Nineteen-year-old human, Brexley, has grown up in privilege, but not without heartbreak. After being orphaned, she is taken in by General Markos, living in a walled city rife with power grabs and ruthless political games. Then one night the course of her life changes, and Brexley is thrown into the most feared prison in the east. Halalhaz, the House of Death—where you go in but don’t come out.

She must learn to live with the worst of fae and human criminals. The rule of hierarchy puts humans on the bottom, where the only way to survive each day is to make alliances with the fae.

Here she meets the sexy, vicious legend, Warwick Farkas. A myth among man and fae. He is as brutal, cruel, arrogant, and as lethal as the lore says he is, ruling the prison with unchallenged authority. Brexley can’t deny an intense draw to him, one that might cost her life.

If The Games don’t take her out first—A fight to the death where only one survives.
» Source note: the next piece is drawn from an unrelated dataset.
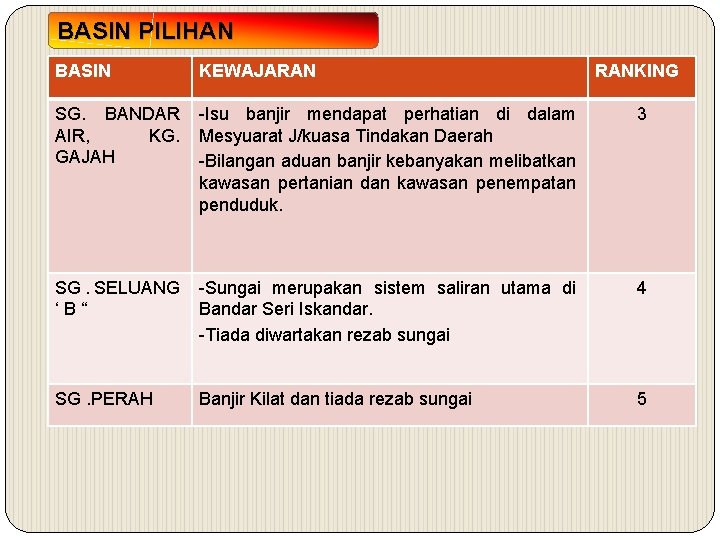 BASIN PILIHAN BASIN KEWAJARAN RANKING SG. BANDAR AIR, KG. GAJAH -Isu banjir mendapat perhatian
Totally nails dystopian fiction…

Savage Lands Book 1, Stacey Marie Brown’s new spinoff series from her highly popular Darkness Series and Lightness Saga, is the epitome of dystopian fiction and sizzling hot enemies’ attraction.  Set in Budapest after the catastrophic collapse of the veil between the human and Fae realms, Savage Lands is a fascinating and mesmerizing journey into a world defined by its gaping class divides where the human government, controlled by General Markos, and the high Fae both traffic in hate and violence as a means of manipulating their populations and preserving a precarious truce between both sides.  Brexley Kovacs, born on the day the veil came down and orphaned as a child, was taken in by General Markos out of respect for her father, one of Markos’s favored generals.  Raised along side their only son, Caden, Brexley has been trained from a young age as a HDF (Human Defense Forces) soldier and groomed as a “daughter”.  Her need for adrenaline drives her, with Caden in tow, to take on risky endeavors, like stealing from train shipments in the remilitarized zone.

At 19, Brexley is concerned that her life is going to change, but is totally blindsided when Markos publicly announces her engagement to the sadistic son of the Romanian ruler to solidify their alliance.  When she hears him privately discussing elicit train shipments between the Hungarians and Romanians through the Savage Lands, she decides to jump the train to find out what she is getting into.  Instead, she ends up jumping out of the frying pan and into the fire, the infamous Halalhaz, “The House of Death”, prison, home to the most notorious human and Fae criminals.  Her only chance at survival is to draw as little attention as possible by posing as “Laura”.  But, it’s as if she is a magnet for danger and destruction, especially when the infamous Warwick Farkas, the brutal and impossible to kill legend, begins noticing her.  

The building tension between Brexley and Warwick are enhanced by the degenerative sexuality pervasive in the prison.  Stacey definitely writes for a mature audience and does not hold back from highly explicit content.  She is proficient at creating chemistry that melts the pages with its torrid heat, but also fits perfectly with both the story and the characters. The developing attraction between Brexley and Warwick is palpable and entices you with each turn of the page.  As with her other series, the outcome of this relationship is not readily apparent by the end of book 1, leaving you with a different kind of cliffhanger.

Stacey is a proven dystopian writer, as attested by her Darkness Series and Lightness Saga.  Savage Lands is set in the same world as these two series but is effectively a standalone of the same caliber.  Stacey has a crafted ability to weave pain and violence through her stories, not in a way that feels gratuitous, but that effectively paints each scene in the grey hues of a dysfunctional society where only the strong, physically or mentally, can survive.  There are very few moments where you don’t feel the tension radiating from the pages as Brexley’s life balances on a razor thin line.  Savage Lands Book 1 is an adrenalin rush in its own right and looks to be the start of another captivating series.